Got to love some of those old timers. LOL!
Huh, so yer a member of the copper club too. 1000 yard bench comps and the energy and velocity to kill a big game animal are two very different things at that range, and as you should well know, was not a realistic goal til the high vel energy rounds were created. Forgive me for not clarifying "long range hunting" not "long range shooting", hell you can shoot your .22 over a mile

The Best of the West guys do it for sure, but they also have the velocity and energy to do it. I didn't know that the distance of a shot defined wether or not you were hunting or just killing, thanks for clearing that up for me. Far as the charlie at twice that range point you think you are making, charlie is considered a "soft target" a bull elk is not. The energy and vel. required to dump an elk at long range (497 really isn't what I am calling long range) is only obtainable with the big 30's on up, for the most part. Ballistics are math and math is exact. Your old stories of old calibers don't make the math add up to kill big animals at a long distance. Period
Re: Your Favorite Rifle
Posted: Mon Jul 27, 2009 12:01 pm
by Brady Davis
larry wrote:it's not bigger and faster
THey are faster
Re: Your Favorite Rifle
Posted: Mon Jul 27, 2009 9:24 pm
by Shorty
Gunwerks Long Range Hunter. Mine is in a 6.5-284 shooting 140gr. Berger VLD.
As for the balistics on the 30-378 the 7mm shooting 168gr Berger VLD will pass it up at 600yds and out run it all the way.

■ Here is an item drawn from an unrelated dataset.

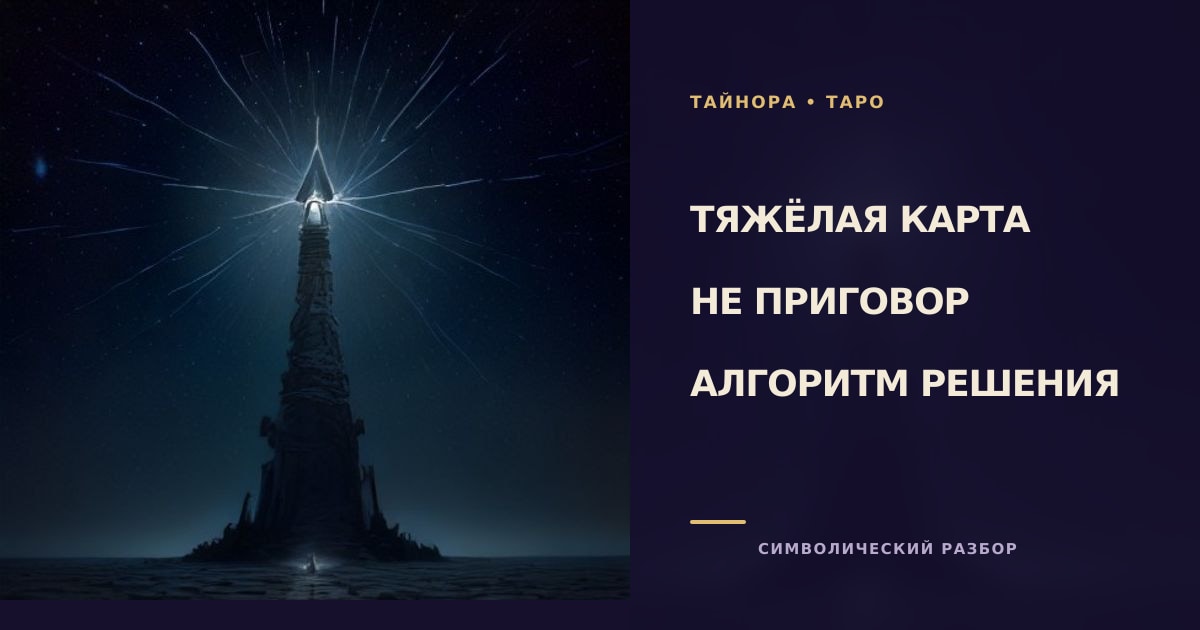 Символическая композиция: карта Таро Башня раскалывается в лунном свете, золотые трещины на фоне ночного неба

You also have a ton more energy when it gets there and all with 30% less recoil. I'd look into that too. Go to
www.thebestofthewest.net they have some cool stuff there on guns and calibers, bullets and all sorts of things.
Re: Your Favorite Rifle
Posted: Mon Jul 27, 2009 10:08 pm
by bigboarstopper
ruger 10/22. Never fails. Cheap gun, cheap ammo, Cheap fun. Hands down my favorite gun.
Re: Your Favorite Rifle
Posted: Thu Jul 30, 2009 4:05 pm
by Grizzly_Adams
Savage 99E chambered in .300Sav but for just shooten as long as i have ear plugs i love my mini-14
Re: Your Favorite Rifle
Posted: Thu Jul 30, 2009 4:15 pm
by liontracker
Ruger #1 IN .338 Win.Mag. shooting 250gr bullet, bbl cut to 22" with quick detach scope and interchangeable peep sight. Light and fast handling. Shoots 1 inch groups. Hell of a timber gun. So far has killed 17 Bull Elk and 4 big bears with one shot each.